We place great emphasis on academics and will continue to do so without apology, but we also want to be sure that the promises we make about such things as our BYU student housing policy, for example, are aligned with the realities of our circumstances. We support BYU housing standards in a campus and community environment where most students want such and almost all of our students’ families expect them.
Our chartered housing pilots are proceeding, and we are learning as we go. As is the case in other matters as well, specific policies and procedures will modify and change with evolving circumstances when necessary, but our principles will not be compromised. We are sure and clear that those who accept the privilege and responsibility of being students at BYU must have an appropriate learning and living environment on and off campus that accords with our Honor Code and BYU-approved housing standards.

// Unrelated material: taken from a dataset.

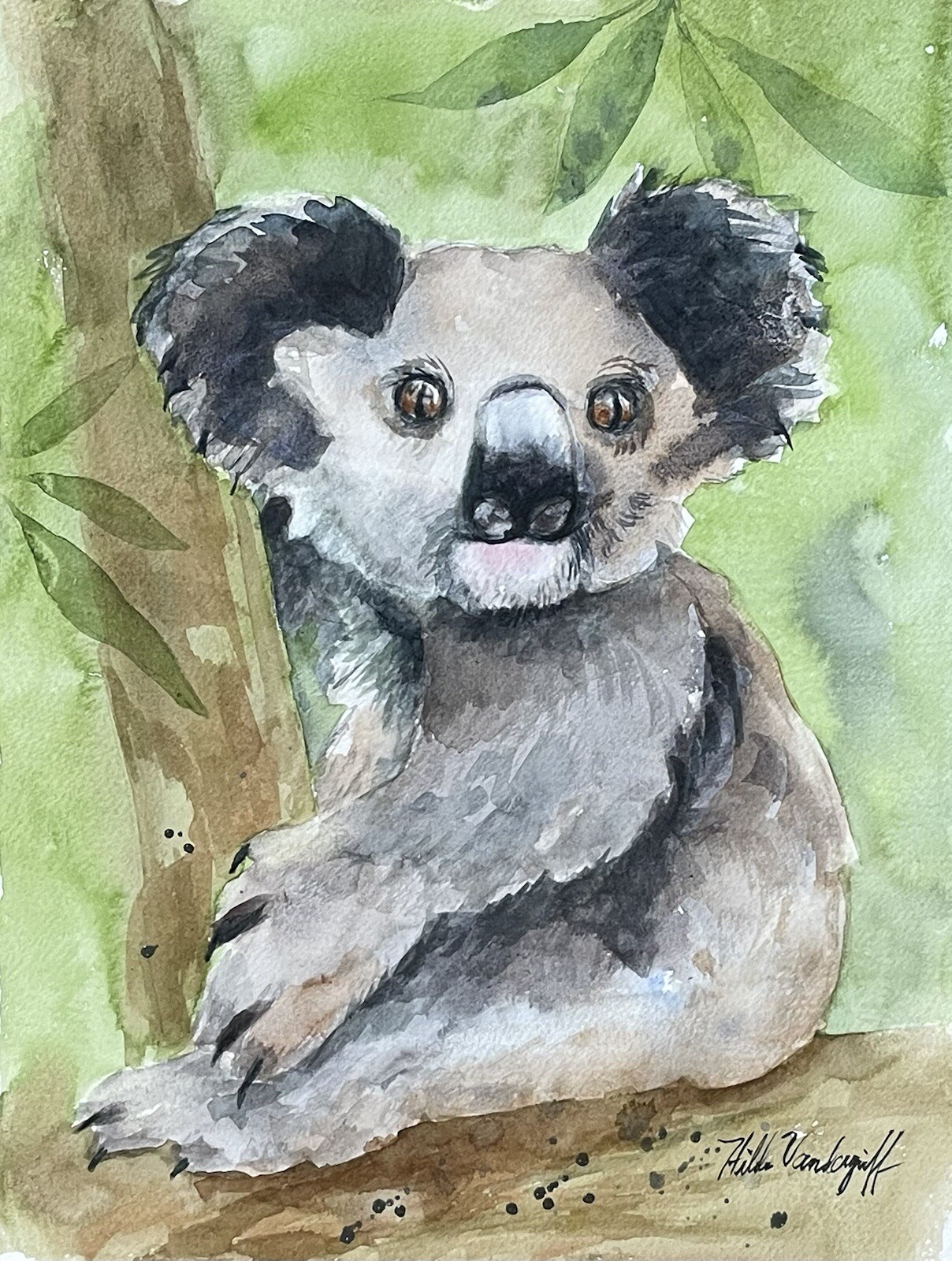 Koala Bear Original Watercolor Painting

Some have said BYU athletic teams could not maintain both the Honor Code and win consistently. We are grateful to our BYU scholar-athletes and their coaches who demonstrate you can be winners—conference and national champions in many cases—not in spite of but because of keeping Honor Code standards. Where integrity is concerned, the choice is not either/or. It is resoundingly both.
Another part of BYU becoming the best we can be is our ongoing effort to focus and simplify. One way to look at this issue is to do less but do it better. It is almost always temporarily easier to keep adding than to ask critically, “What is really essential?” “What is ultimately most important?” “How can we prevent excellence from being overshadowed by the pedestrian or the merely good?”
Consistent attention to the alignment of our mission and our daily practice is a vital and constant aspect of BYU becoming the best we can be. As a wise commentator once said, somewhat tongue in cheek, “When all is said and done, almost always more is said than done.” It is far easier to identify our challenges than it is to address them, but deal with them we must if we expect BYU to improve and approach the envisioned best it can be.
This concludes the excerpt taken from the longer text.